- Born: December 6, 1953 (age 72) United States
- Occupation: Executive

= Joseph Costello (software executive) =

Joseph Ball Costello (born December 6, 1953) is an American executive in the electronic design automation (EDA) industry. He was president and COO of SDA Systems from 1987–1988 and CEO of Cadence Design Systems, which became the largest EDA company under his tenure, from 1988–1997. He previously served on the Board of Directors of Oracle and Adobe and was widely considered to be a top candidate to replace Steve Jobs as CEO of Apple

==Education==
Joseph received his B.S. in Physics in 1974 from Harvey Mudd College. He also has a master's degree in Physics from both Yale and UC Berkeley. He started his career at National Semiconductor, which he soon left to found the "Electronic Speech Systems" company.

==Career==
He entered the EDA industry when James Solomon invited him to SDA Systems, where he rapidly rose to senior management. While Joseph was President of SDA, it merged with ECAD to become Cadence Design Systems.

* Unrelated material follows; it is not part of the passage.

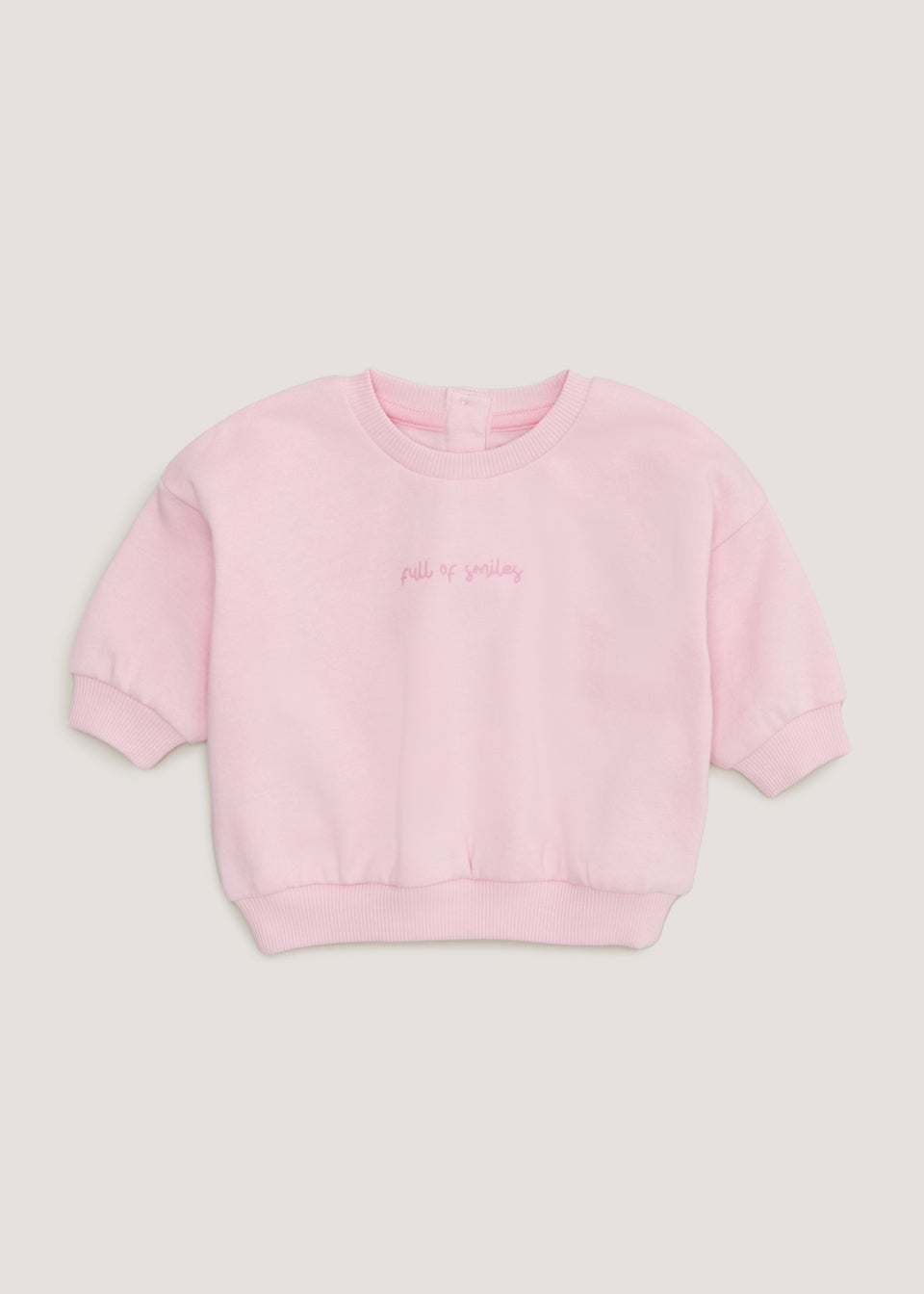 Baby Pink Slogan Sweatshirt Newborn 23mths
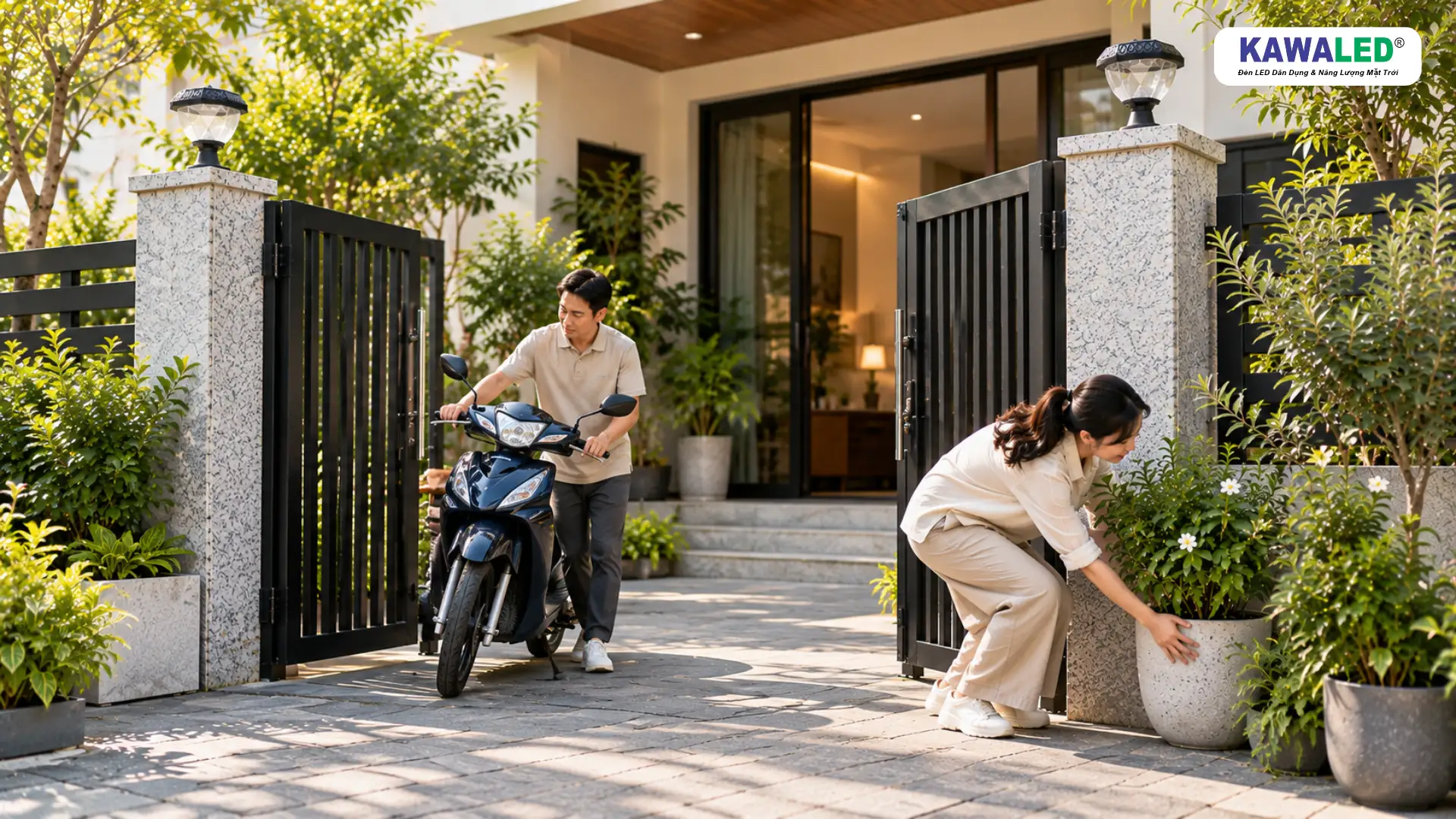 Người đàn ông dắt xe máy qua cổng trong khi người phụ nữ di chuyển chậu cây sát tường.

In 2001, Joseph gave the commencement address at Harvey Mudd, two days after the sudden death of Douglas Adams, who had been scheduled to speak.

He was formerly the CEO of think3, a product lifecycle management software and consulting company, and of Orb Networks. He is currently the CEO of Enlighted.

He also served as chairman of Barcelona Design, BravoBrava!, Soliloquy Learning, Zamba and on the board of directors of Santa Cruz Networks and Oasys Design Systems.

==Awards==
In 2004, he was awarded the Phil Kaufman Award in recognition of his business contributions that helped grow the EDA industry.